Insofar as one has several estimates of the same quantity, one can try at this stage to compare the values to eliminate those which are aberrant, due for example to cosmic, a plane having crossed the field or to the defects of the instrument. One must then compare each one of  $ I_{i, j}$ , and eliminate it from the sum if it is unacceptable, while reiterating until convergence. A limitation of this technique is that it asks to have a relatively significant number of images, in practice at least 5 to 6 images. More serious, like figure 7.15 illustrates it , the variation of seeing between the images can involve the systematic rejection of pixels on the level of the objects present on the images.

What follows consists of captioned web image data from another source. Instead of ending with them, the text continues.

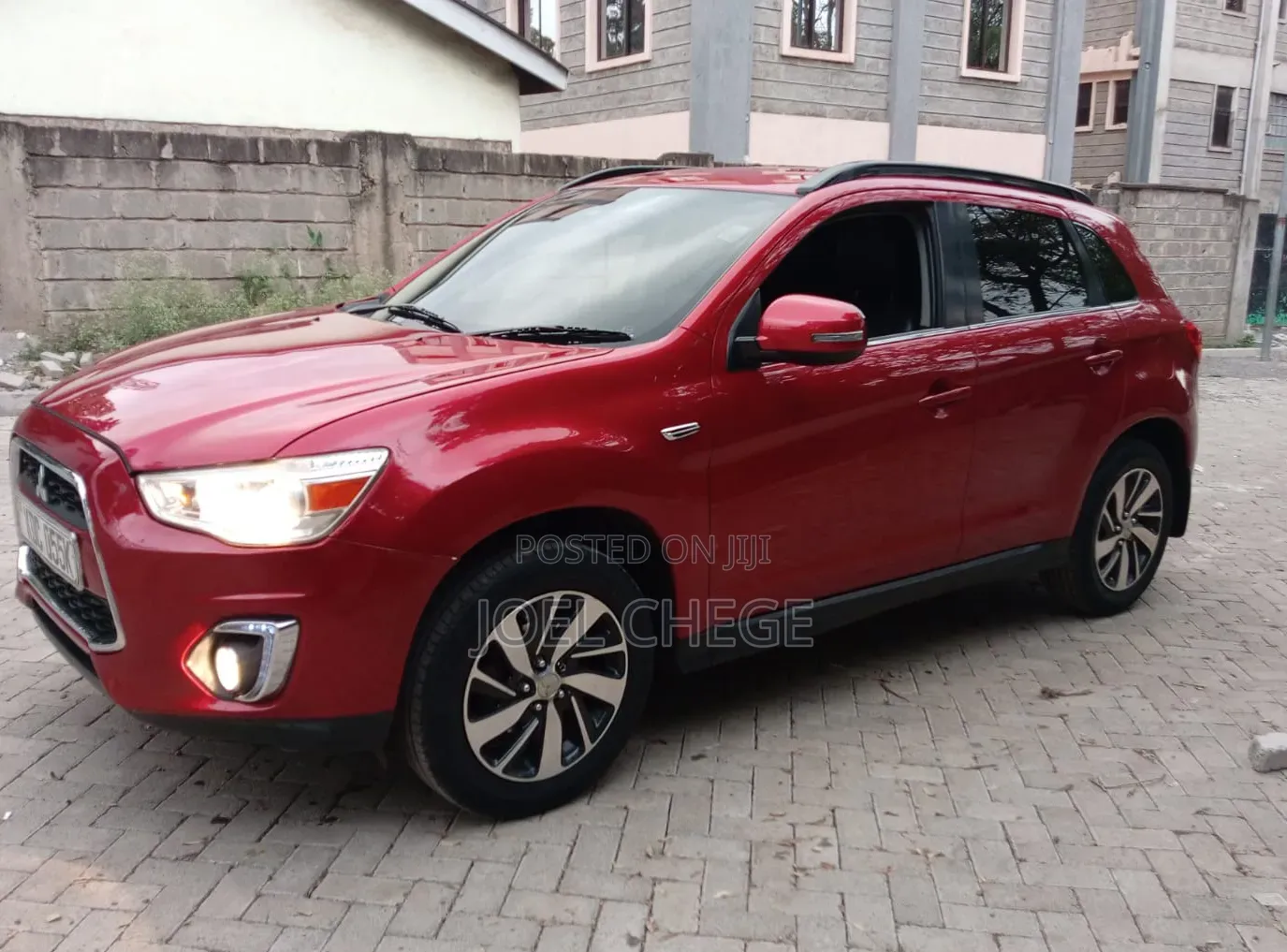 Mitsubishi RVR 2015 Red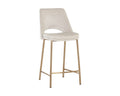 SUNPAN Radella Counter Stool - Bergen Taupe 108515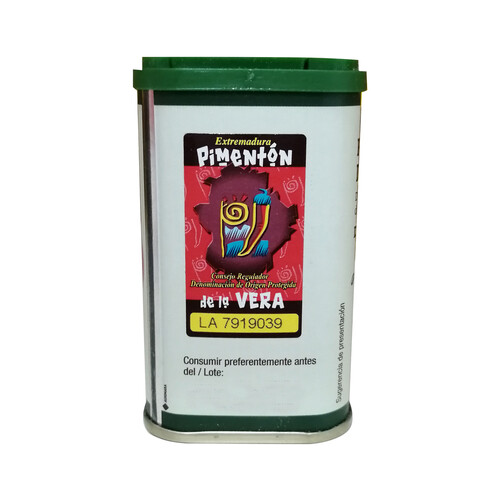 PRODUCTO ALCAMPO Pimentón de la Vera dulce Denominación de Origen Protegida PRODUCTO ALCAMPO 75 g.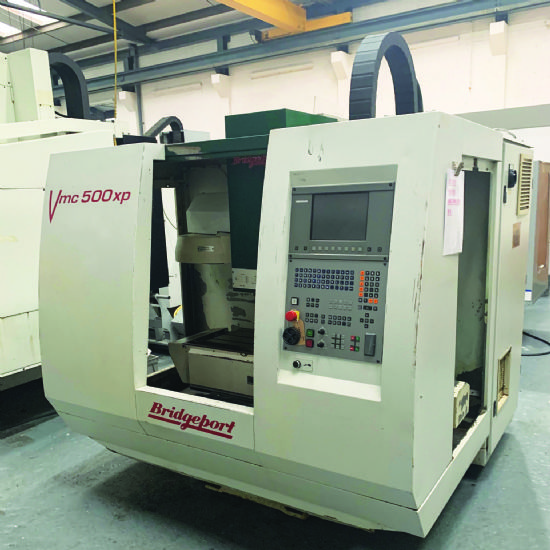 Photo of machine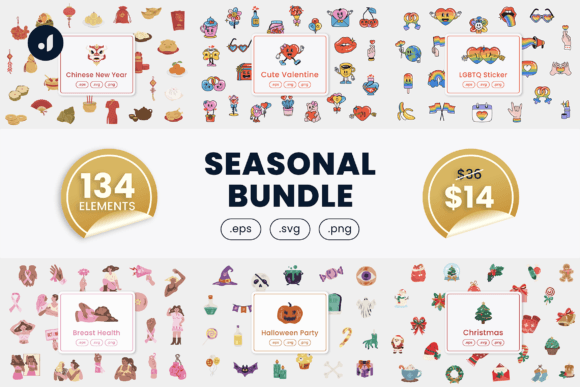 Unlock Year-Round Creativity with the Seasonal Bundle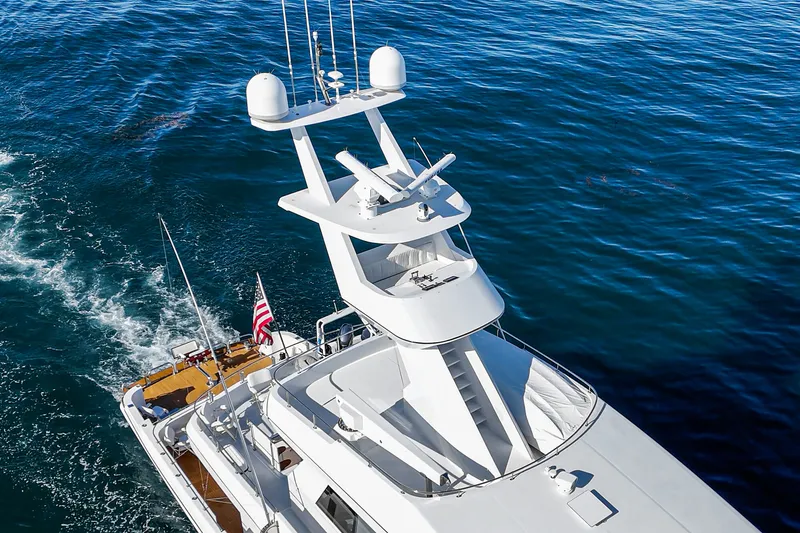 Slide: The Image of Barattucci Yachts Yacht Fisher 1992 - 33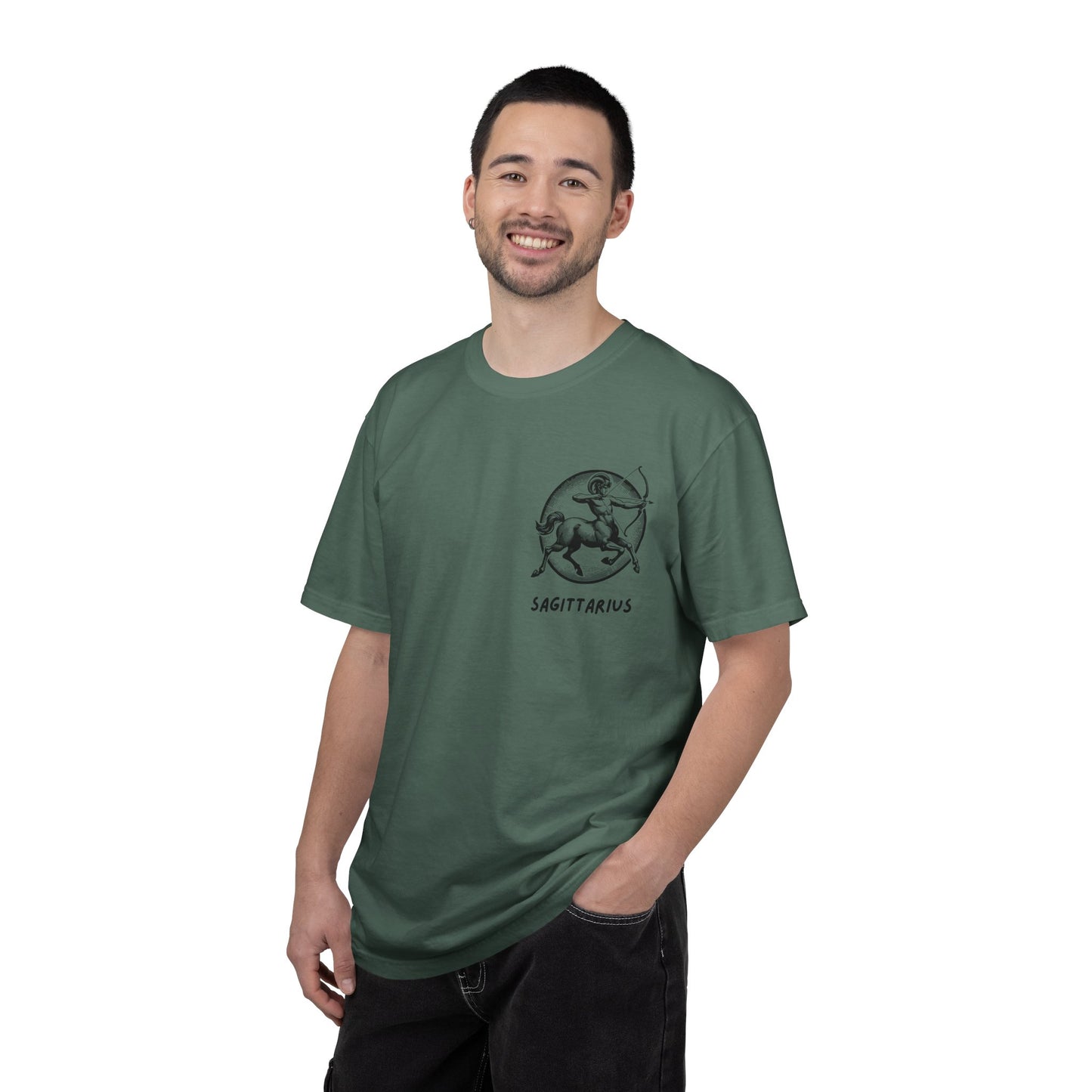 Sagittarius Archer T-Shirt – Zodiac Centaur Astrology Tee | Vintage Star Sign Graphic Shirt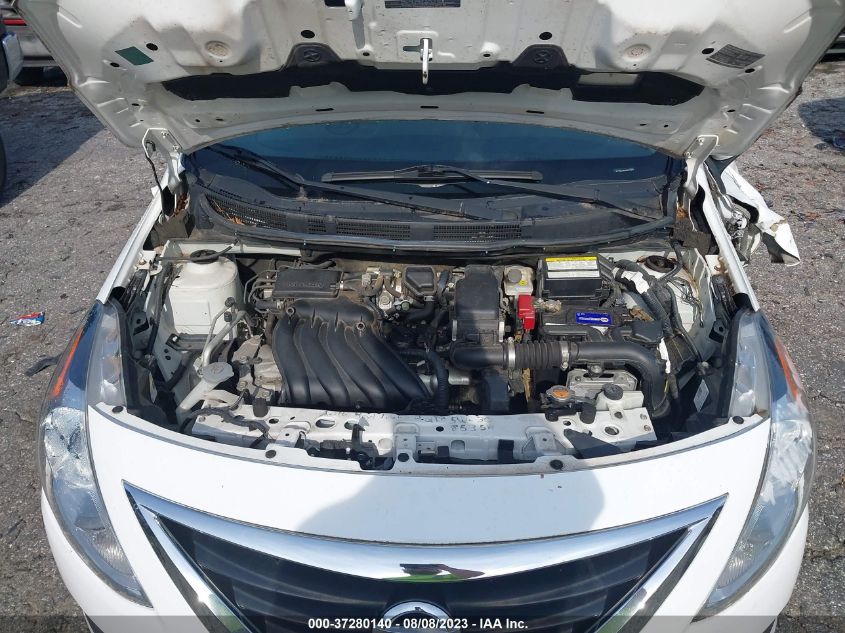 2016 NISSAN VERSA S - 3N1CN7AP0GL868213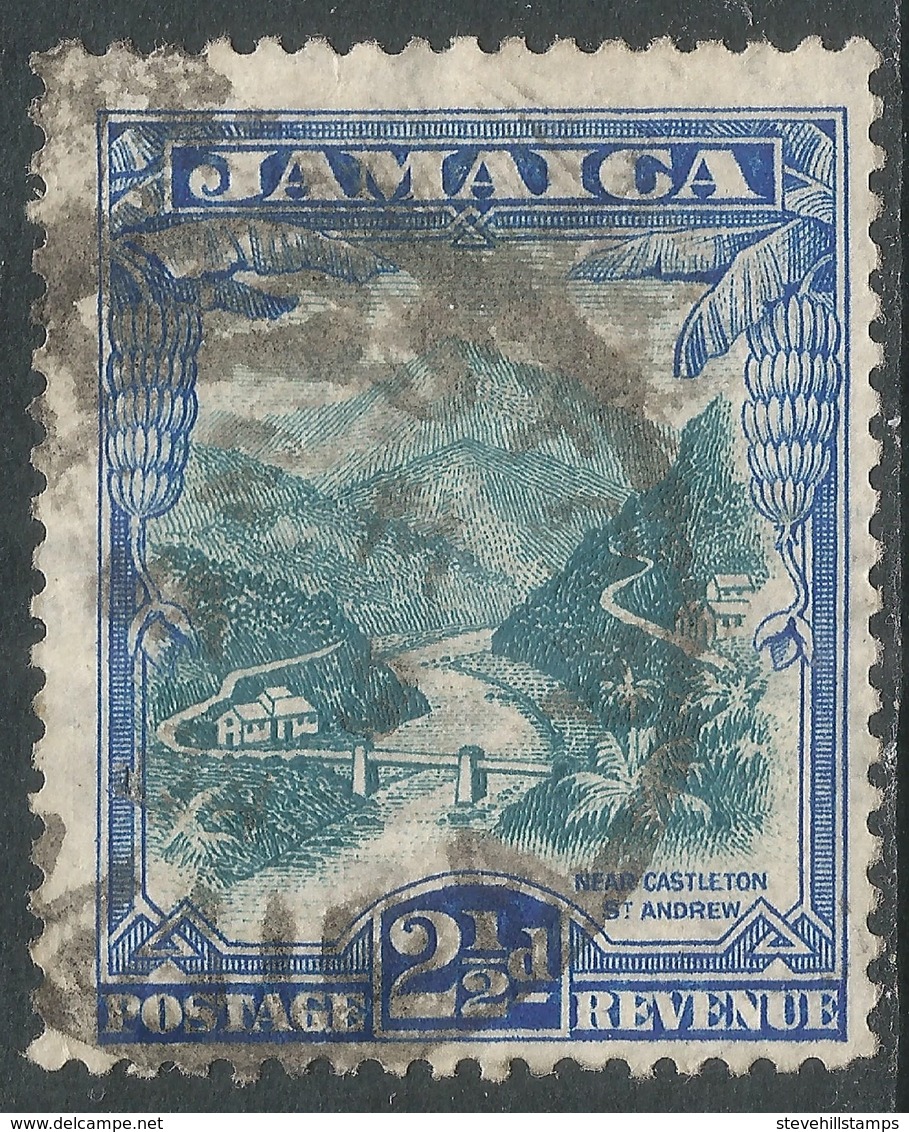 Jamaica. 1932 Landscapes. 2½d Used. SG 112 - Jamaica (...-1961)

The stars see their profile completely deformed in a manner which depends on their flux.

This problem appears in a crucial way only when one summons images of different nights, and especially if they enter subtractions then, which few programs of observation require. This is why the technique described here is largely used in the community, without putting the scientific results in danger. For us, it is the system of observation in tail, which by splitting our long integrations on 3 or 4 nights obliged us to re-examine our approach.

Figure 7.15: This figure represents the variations of radial profile of a star according to the seeing. In top the profiles for seeing of 0.8 and 0.88' are represented '. The figure of bottom shows the difference between these two profiles. This figure shows in particular that it is difficult to reject the artifacts at the time of the coaddition if the conditions of observations vary. For more details, to see the text.
\begin{figure}\it\begin{center}
\epsfig{file = Images/StackProblem.eps , width = 12cm}\end{center}\end{figure}

One could limit the problem by bringing all the images to the same resolution ( i.e. with same the seeing) by convoluting each image by a core bringing them all to the same resolution as the image of worse seeing. In addition to this operation is expensive in computing times, it will downwards reduce the resolution of the images coadditionnées by levelling the quality of the images. But it is clear that if one wishes to set up a rejection of the intruder as indicated higher, it is necessary to homogenize qualities of image.

We implemented another approach, which consists in identifying the defects of the individual images indépendemment from/to each other, so as to mask the corresponding pixels during the addition. It is a rather heavy approach, because it requires to develop specific algorithms of detection for each type of defect.

As we saw before, we have the charts already labelling the dead pixels and the pixels of saturated stars. We want to now build the images containing the pixels reached by the cosmic ones and those by satellites.